Posted: 2016-07-22 , Modified: 2016-07-22

Setup on Tiger

Load tensorflow on startup, e.g. put in .bashrc.

module load python cudatoolkit/7.5 cudann
pip install --user /tigress/plazonic/public_html/tensorflow/rhel6/tensorflow_pkg_gpu/tensorflow-0.8.0-py2-none-any.whl

Sample script

#!/bin/bash

#SBATCH -t 10:00:00
#SBATCH -N 1
#SBATCH --ntasks-per-node=4
#SBATCH --ntasks-per-socket=2
#SBATCH --gres=gpu:2
#SBATCH --mail-type=begin  
#SBATCH --mail-type=end  
#SBATCH --mail-user=holdenl@princeton.edu  

module load python
module load cudatoolkit/7.5
module load cudann
THEANO_FLAGS=mode=FAST_RUN,device=gpu,floatX=float32 python cifar10_multi_gpu_train.py --num_gpus=2 --train_dir='/tigress/holdenl/tmp/cifar10_train1'

Run by sbatch script.cmd.

CIFAR setup

Train by calling cifar10_multi_gpu_train.py or cifar10_train.py.
- This calls cifar10.py to build the graph.
- It calls cifar10_input.py to download or load the data.
  - data_dir defined in cifar10.py. (Changed to /tigress/knv/cifar10_data.)

Settings: Override flags as above.

num_gpus=2 seems to work best.
Specify training directory, ex. train_dir='/tigress/holdenl/tmp/cifar10_train1'.

Train

train(fs, step_f, output_steps=10, summary_steps=100, save_steps=1000, eval_steps = 1000, max_steps=1000000, train_dir="/", log_device_placement=False, batch_size=128,train_data=None,validation_data=None, test_data=None, train_feed={}, eval_feed={}, x_pl="x", y_pl="y_", batch_feeder_args=[])

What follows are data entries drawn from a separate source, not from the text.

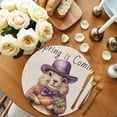 thumbnail image 2 of Round Placemats Purple Bow Groundhog Carrot 15 inch Set of 2 Table Mats for Dining Table Spring Is Coming Heat Resistant Non-Slip Kitchen & Home Decorative Place Mat Set, 2 of 8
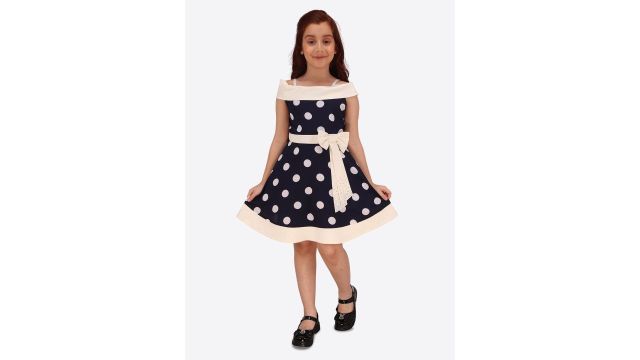 Cutecumber Polka Dot Print Fit & Flare Dress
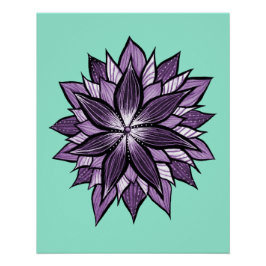 Póster Mandala Roxo Como Abstrato De Desenho De Tinta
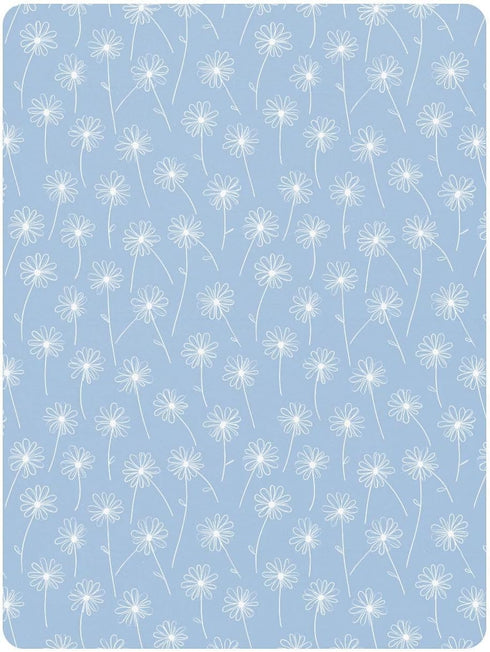 miaozhen 1 Pack 52x28 Cotton Baby Crib Sheets Soft White Daisy Flower Blue Toddler Bed Cover for Nursery para cunas de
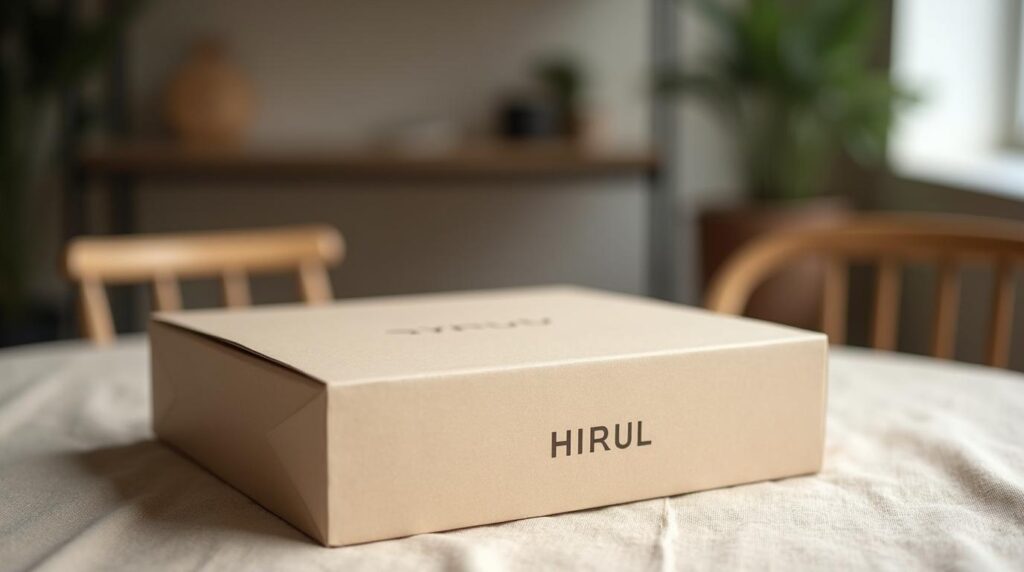 Regalos de Navidad sostenibles para empresas: caja de cartón kraft con serigrafía al agua sobre mantel de lino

fs is a dictionary containing: inference, loss functions

step_f is function to execute at each training step, taking arguments fs and global_step. Example

lambda fs, global_step: (
  train_step(fs["loss"], fs["losses"], global_step, 
             lambda gs: tf.train.AdamOptimizer(1e-4)))

Misc notes

Constants

NUM_EXAMPLES_PER_EPOCH_FOR_TRAIN=50000
NUM_EXAMPLES_PER_EPOCH_FOR_EVAL=10000
NUM_EPOCHS_PER_DECAY
INITIAL_LEARNING_RATE
LEARNING_RATE_DECAY_FACTOR
NUM_CLASSES=10
MOVING_AVERAGE_DECAY = 0.9999
NUM_EPOCHS_PER_DECAY = 350.0
LEARNING_RATE_DECAY_FACTOR = 0.1
INITIAL_LEARNING_RATE = 0.1

Todo

Find tiger’s policies on storing files.